Ia menyatakan kedatangannya memenuhi panggilan tim penyidik KPK merupakan kewajiban dirinya sebagai warga negara.

“Saya sebagai warga negara yang baik saya datang memberi keterangan sebagai saksi terkait kasus yang ditangani KPK,” ujar Rohidin.

Selain Rohidin, tim penyidik KPK juga menjadwalkan pemeriksaan terhadap Bupati Kaur Gusril Pausi selaku saksi dalam perkara yang sama.
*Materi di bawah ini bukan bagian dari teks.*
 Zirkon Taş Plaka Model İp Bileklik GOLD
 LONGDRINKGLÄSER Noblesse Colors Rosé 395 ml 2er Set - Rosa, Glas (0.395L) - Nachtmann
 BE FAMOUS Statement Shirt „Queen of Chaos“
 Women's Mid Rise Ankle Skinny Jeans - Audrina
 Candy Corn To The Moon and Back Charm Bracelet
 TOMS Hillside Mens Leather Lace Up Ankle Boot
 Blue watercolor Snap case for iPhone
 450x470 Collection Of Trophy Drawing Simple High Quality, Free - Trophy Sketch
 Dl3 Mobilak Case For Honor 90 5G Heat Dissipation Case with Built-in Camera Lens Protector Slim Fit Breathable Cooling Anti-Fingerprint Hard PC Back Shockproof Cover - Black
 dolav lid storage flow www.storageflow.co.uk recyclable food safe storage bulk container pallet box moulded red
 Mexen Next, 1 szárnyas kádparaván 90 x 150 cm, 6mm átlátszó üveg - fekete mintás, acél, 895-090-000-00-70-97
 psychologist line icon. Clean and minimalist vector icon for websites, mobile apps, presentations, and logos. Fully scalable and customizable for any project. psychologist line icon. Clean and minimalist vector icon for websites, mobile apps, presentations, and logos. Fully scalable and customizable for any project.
Namun dirinya tak sedikit pun melontarkan komentar atas pemeriksaan yang telah dijalaninya di lembaga antirasuah.

Ia hanya berlalu meninggalkan Kantor KPK tanpa menjawab sejumlah pertanyaan yang diajukan awak media.

Sebelumnya, KPK telah menjadwalkan pemeriksaan terhadap Gubernur Bengkulu Rohidin Mersyah pada Selasa (12/1).

Akan tetapi surat panggilan yang dilayangkan penyidik belum diterima oleh yang bersangkutan.

Sementara, tim penyidik juga telah menjadwalkan pemeriksaan terhadap Bupati Kaur Gusril Pausi pada Senin (11/1) lalu.

Namun, kata Ali, Gusril tak menghadiri panggilan tim penyidik KPK tanpa ada konfirmasi lebih lanjut.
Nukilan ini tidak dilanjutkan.